Rosyjskie media i eksperci ruchu lotniczego zastanawiają się nad sensem zaproszenia linii lotniczych z Bliskiego Wschodu i Afryki do działalności w Kaliningradzie. Według dziennika "Kommiersant", wątpliwe "by wielu zagranicznych turystów przyjechało do Kaliningradu", gdyż region graniczy z krajami UE, a przekroczenie granicy Wspólnoty wiąże się utrudnionymi procedurami wizowymi. Władze lotniska w Kaliningradzie deklarują chęć uruchomienia połączeń z Turcją, Zjednoczonymi Emiratami Arabskimi, Egiptem, Etiopią i kilkoma innymi krajami - donosi serwis kaliningrad.ru.
To dlatego, że 1 października rosyjski urząd transportu lotniczego "Rosaviatsja" niespodziewanie ogłosił, że na dwa lata wprowadza w Kaliningradzie zasadę "otwartego nieba". Pozwala to zagranicznym przewoźnikom uruchamiać dowolne kierunki połączeń z Kaliningradem.

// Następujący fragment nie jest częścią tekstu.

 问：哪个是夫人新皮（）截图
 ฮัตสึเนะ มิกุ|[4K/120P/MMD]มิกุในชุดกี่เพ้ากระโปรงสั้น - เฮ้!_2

Marek Budzisz, analityk firmy Strategy&Future uważa, że za tą decyzję kryje się "coś więcej", "wstęp do większej rosyjskiej operacji". Według niego, kryzys migracyjny w Polsce miałby odwrócić uwagę opinii publicznej od spraw związanych z pomocą dla Ukrainy. Granica Polski z obwodem kaliningradzkim liczy 210 km długości. Według Budzisza, jest łatwa do przejścia ze względu na lasy i brak przeszkód terenowych takich jak rzeki graniczne.